Perform multidimensional scaling on this data, and find a two-dimensional set of points which has interpoint distances approximately equal to the data.

Plot these coordinates and label them with the city names. Does your plot look like the map of Europe?

Is the distance matrix

`eurodist`

a Euclidean data matrix and how do you know? If it is not Euclidean, why do you think that might be?Create the Euclidean distance matrix from your set of 2-dimensional points. What is the Frobenius norm between this matrix and the original distance matrix? Use

`cmdscale`

to create a set of points in 3 dimensional space and recompute the distance matrix.

##### Task 2

Consider the synthetic data of 9 binary attributes on 11 cases.

```
df=structure(list(a = c(0, 0, 0, 0, 1, 0, 0, 1, 0, 0, 0), b = c(0,
0, 0, 0, 0, 0, 1, 0, 1, 0, 1), c = c(0, 0, 0, 0, 1, 0, 0, 1,
0, 1, 0), d = c(1, 0, 0, 0, 0, 0, 1, 0, 0, 1, 0), e = c(0, 0,
1, 0, 0, 0, 0, 0, 0, 0, 1), f = c(0, 0, 1, 0, 0, 0, 0, 0, 0,
0, 1), g = c(0, 1, 1, 1, 0, 0, 0, 0, 0, 0, 0), h = c(1, 0, 0,
0, 0, 0, 0, 1, 1, 0, 0), i = c(0, 0, 0, 0, 0, 1, 0, 0, 1, 1,
0)), class = "data.frame", row.names = c(NA, -11L), .Names = c("a",
"b", "c", "d", "e", "f", "g", "h", "i"))
df
```

```
## a b c d e f g h i
## 1 0 0 0 1 0 0 0 1 0
## 2 0 0 0 0 0 0 1 0 0
## 3 0 0 0 0 1 1 1 0 0
## 4 0 0 0 0 0 0 1 0 0
## 5 1 0 1 0 0 0 0 0 0
## 6 0 0 0 0 0 0 0 0 1
## 7 0 1 0 1 0 0 0 0 0
## 8 1 0 1 0 0 0 0 1 0
## 9 0 1 0 0 0 0 0 1 1
## 10 0 0 1 1 0 0 0 0 1
## 11 0 1 0 0 1 1 0 0 0
```

Compute the Jaccard index and SMC similarity matrices for these data.

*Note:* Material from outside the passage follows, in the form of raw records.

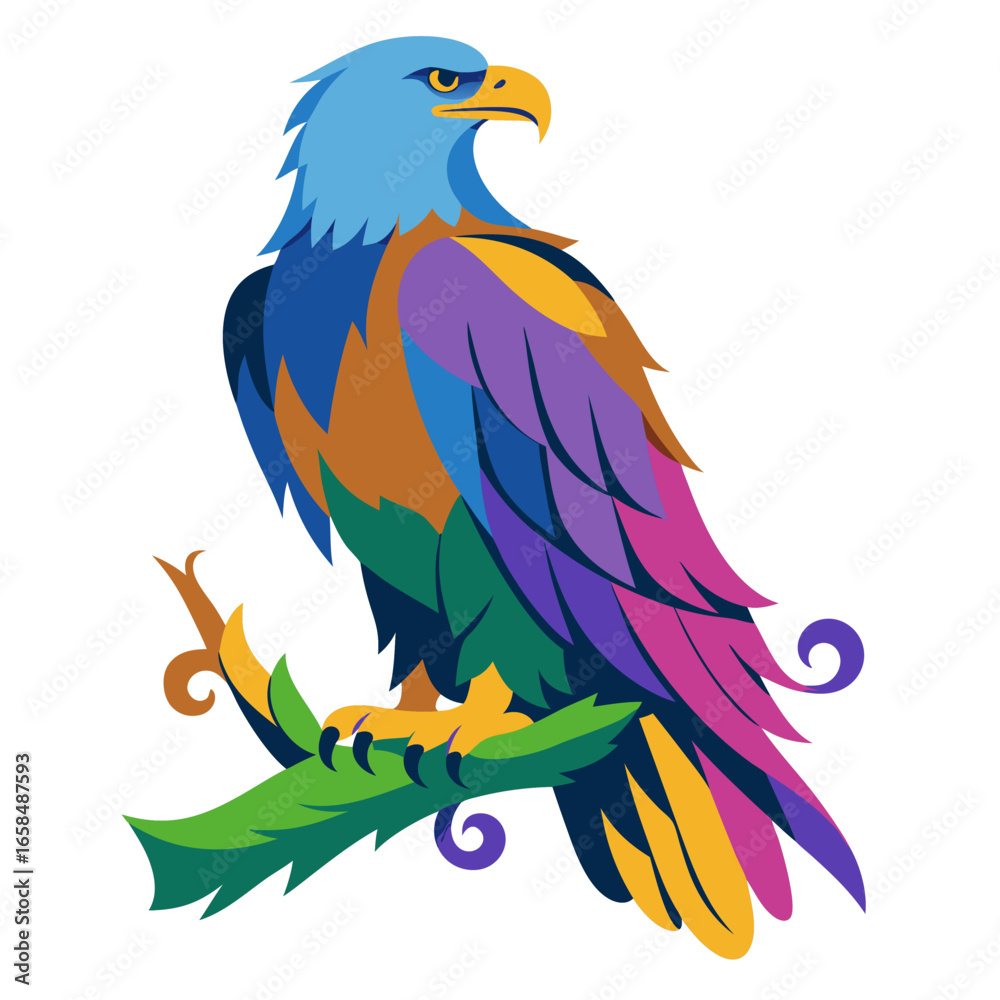 Obraz premium Exotic Eagle full body perched on tropical branch side view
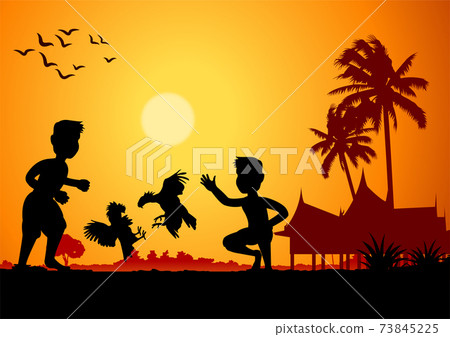 men playing cock fighting gamble around with country rural life in silhouette style 73845225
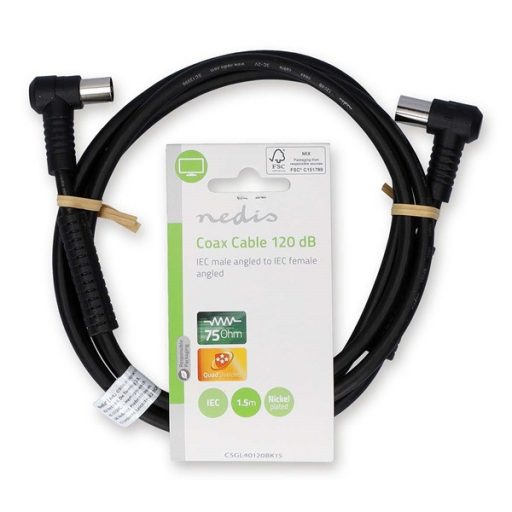 Nedis CSGL40120BK15 koax RF kábel, koax férfi (dugó), koax női (aljzat) 120 dB, 75 Ohm, Négyszeresen árnyékolt ,  1,5m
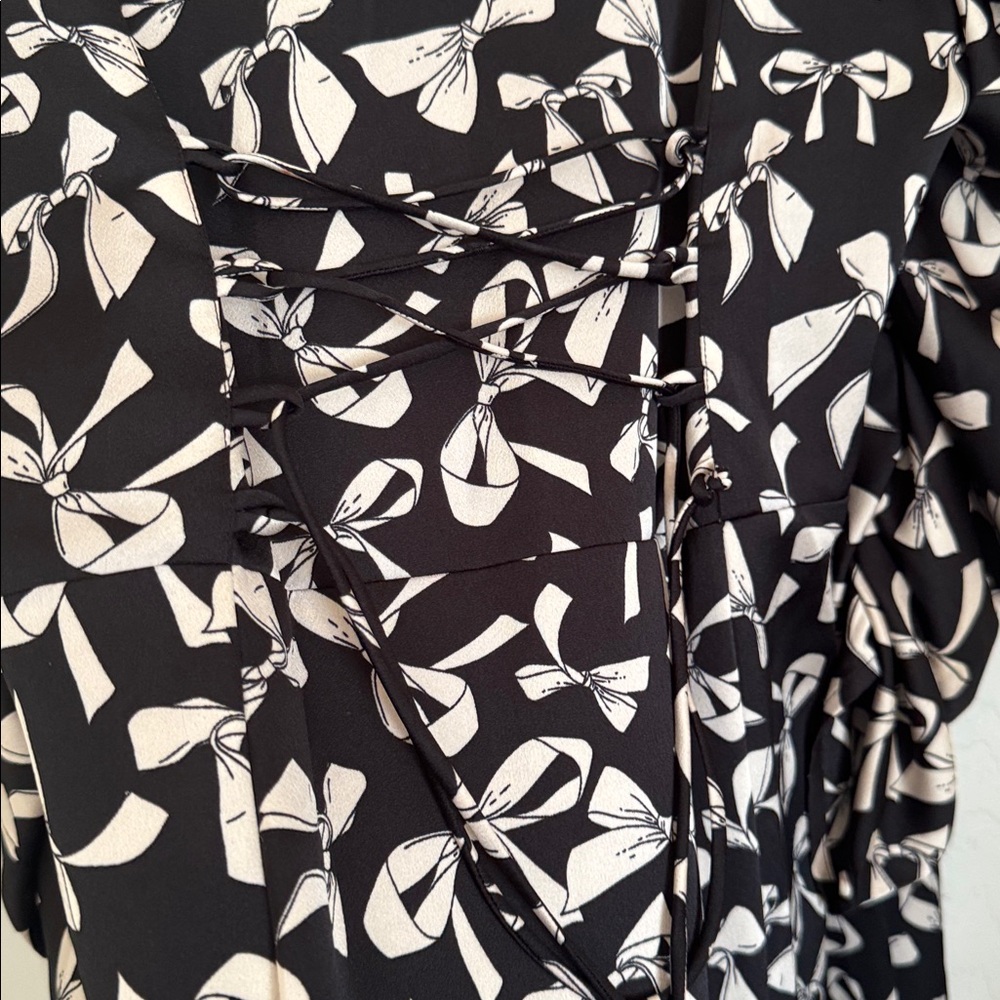 For Love & Lemons Angelica Bow Print Puff Ruched Sleeve Button Front Dress sz M - Picture 5 of 10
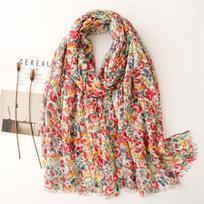 Southeast Asia Ethnic Style Red Floral Headscarf - Retro Long Cotton & Linen Feel Scarf for Women 180*85 cm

Perform classical MDS for both similarity matrices, producing a plot of the coordinates (in 2d). Are the results similar?

##### Task 3

In this question we will look at data from 1888 on the fertility and socio-economic status of 47 French speaking provinces in Switzerland.

```
## Fertility Agriculture Examination Education Catholic
## Courtelary 80.2 17.0 15 12 9.96
## Delemont 83.1 45.1 6 9 84.84
## Franches-Mnt 92.5 39.7 5 5 93.40
## Moutier 85.8 36.5 12 7 33.77
## Neuveville 76.9 43.5 17 15 5.16
## Porrentruy 76.1 35.3 9 7 90.57
## Infant.Mortality
## Courtelary 22.2
## Delemont 22.2
## Franches-Mnt 20.2
## Moutier 20.3
## Neuveville 20.6
## Porrentruy 26.6
```

We will use MDS to find which provinces are similar to each other.

Compute the Euclidean distance matrix for these data.

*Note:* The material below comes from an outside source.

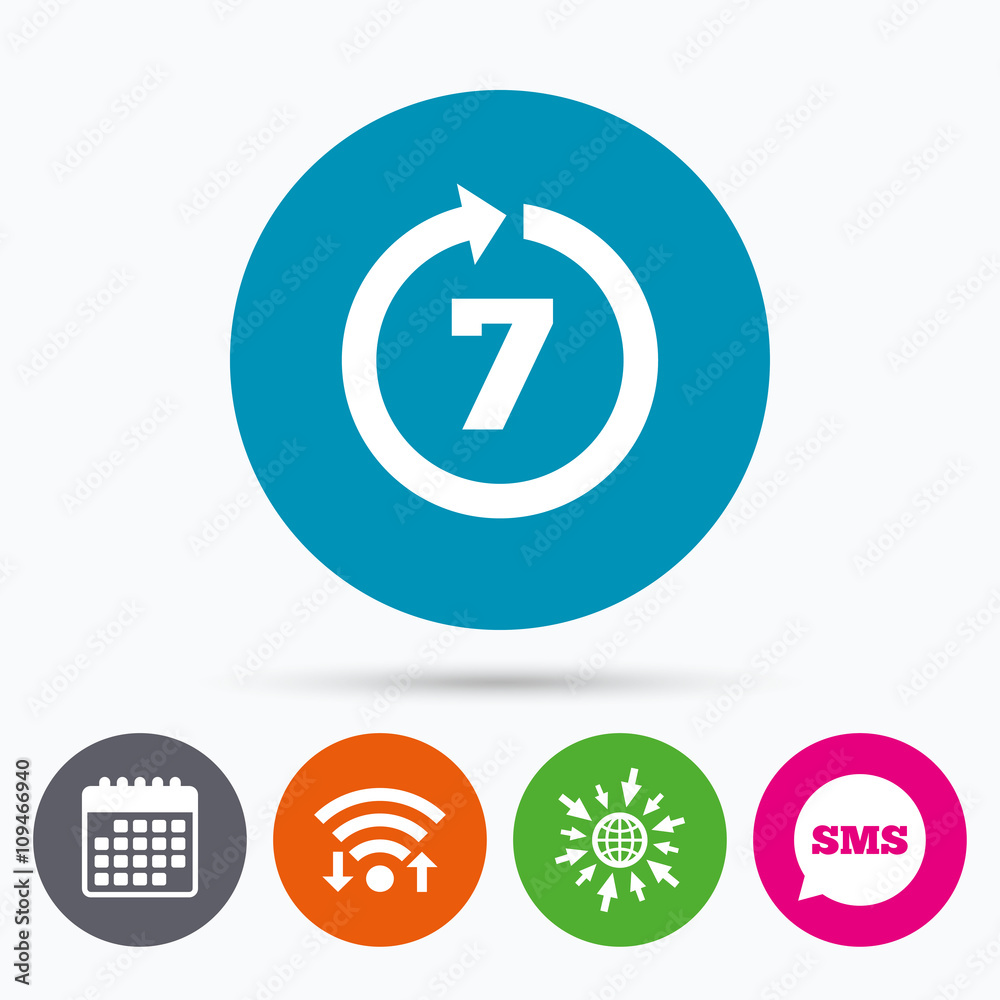 Return of goods within 7 days sign icon. Return of goods within 7 days sign icon.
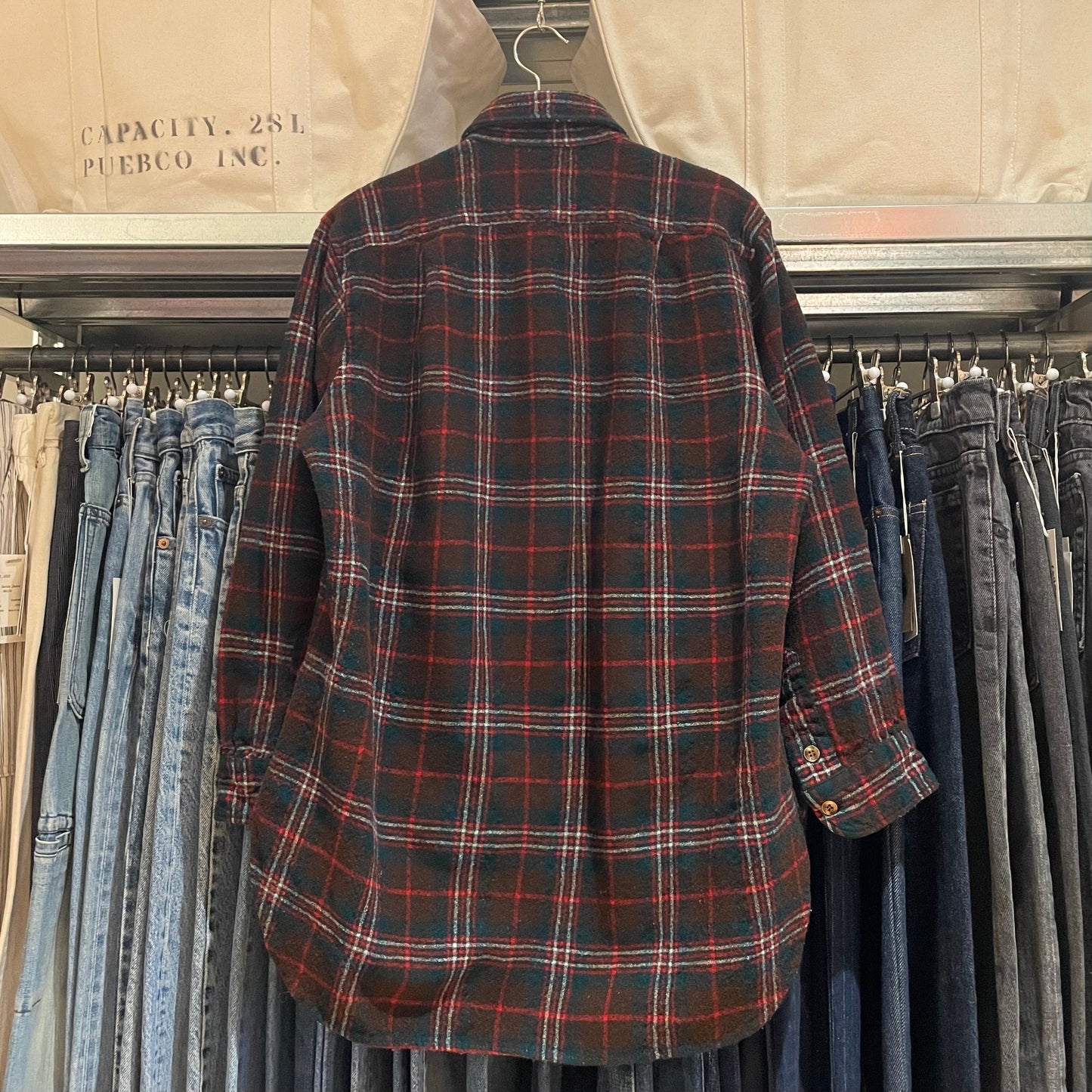 Plaid Virgin Wool Flannel Shirt Red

Use MDS to create a 2-dimensional representation of the data and plot these points, labelling them with the province name.

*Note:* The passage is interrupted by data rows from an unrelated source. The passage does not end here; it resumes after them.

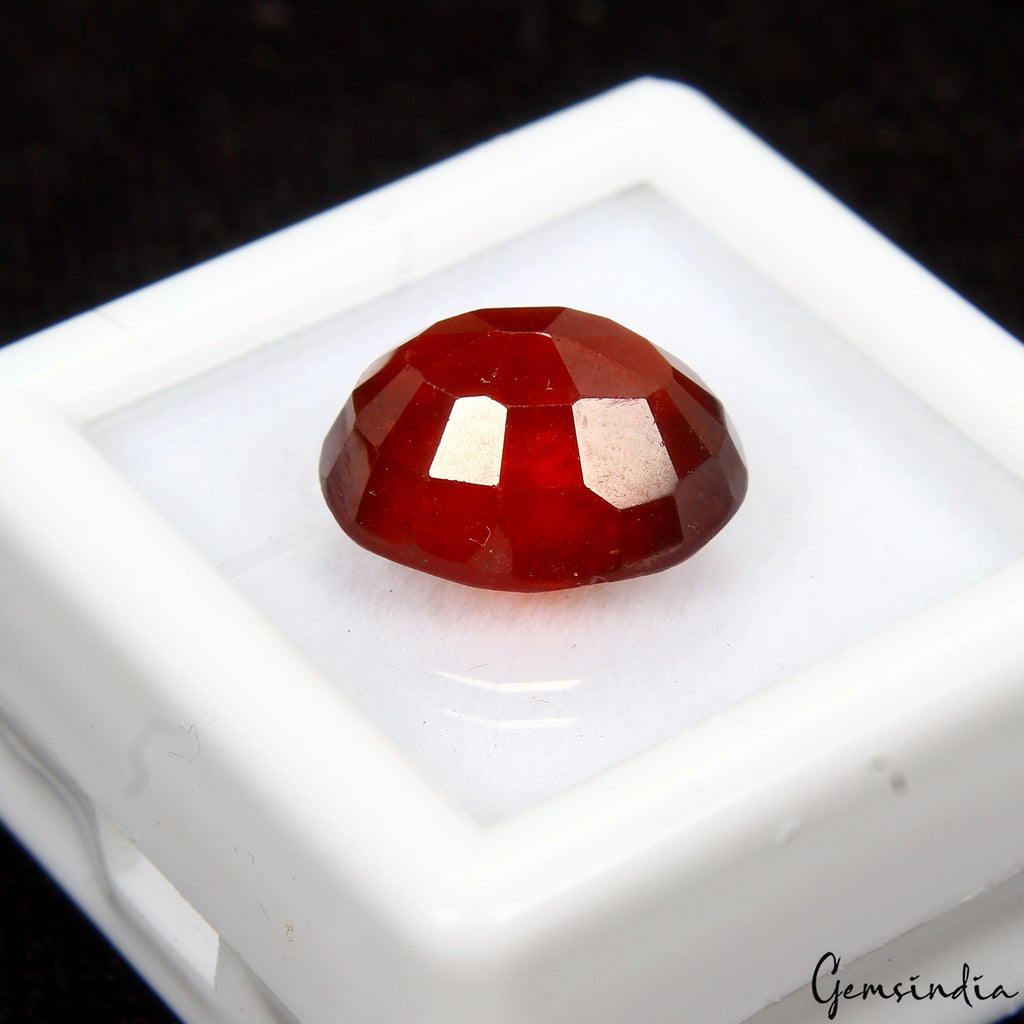 IGL&I Certified 7.35 Cts Natural Hessonite Garnet 12mmx10mm Oval Faceted Cut Gem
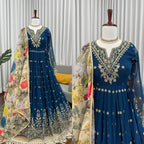 Designer Georgette Gown with Thread & Sequin Work Dupatta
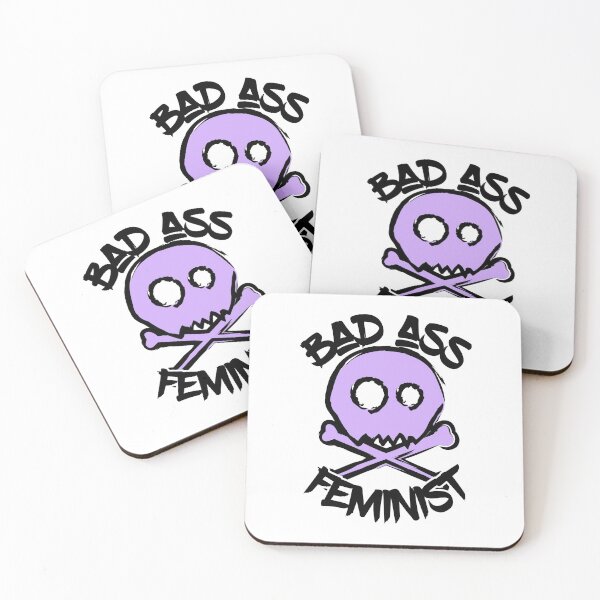 Item preview, BadAss Feminist Purple Skull and Cross Bones designed and sold by corrochdesigns.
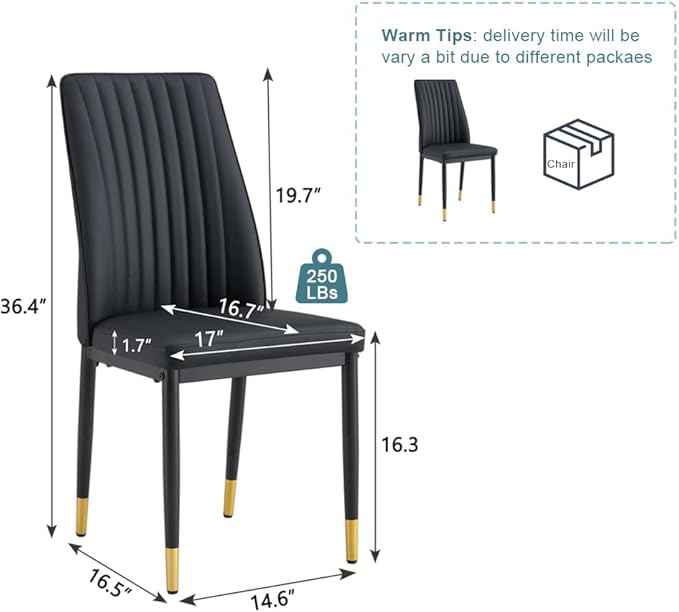 Modern Dining Chairs Set of 4 Black PU Leather Armless Chairs for Dinner Room, Office, Waiting Room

Use MDS to create a 3-dimensional representation of the data. You can plot this using the

`plot3d`

command from the`rgl`

package. See, for example, here.

- MDS can be also used to reveal a hidden pattern in a correlation matrix. Find the correlation matrix, \(\mathbf R\), of the swiss data. Perform MDS using \(1-\mathbf R\) as the distance matrix and plot the results. Positively correlated covariates are close together on the same side of the plot.

##### Task 4 (if you have time…)

Try MDS on the MNIST data but looking for a 3d representation. Colour the points by their digit label, and create some interactive 3d plots. Does this find useful structure in the data? And is it more informative than the 2d plots we created in the notes.

Read the description of more advance methods here. Pick one and find an R package that implements it and try it on the MNIST data.

**Warning:** The MNIST dataset is large, and so computations can take a long time if you use the full dataset. Thus I usually work with a selection of just 1000 images, which is enough to find interesting patterns in most cases.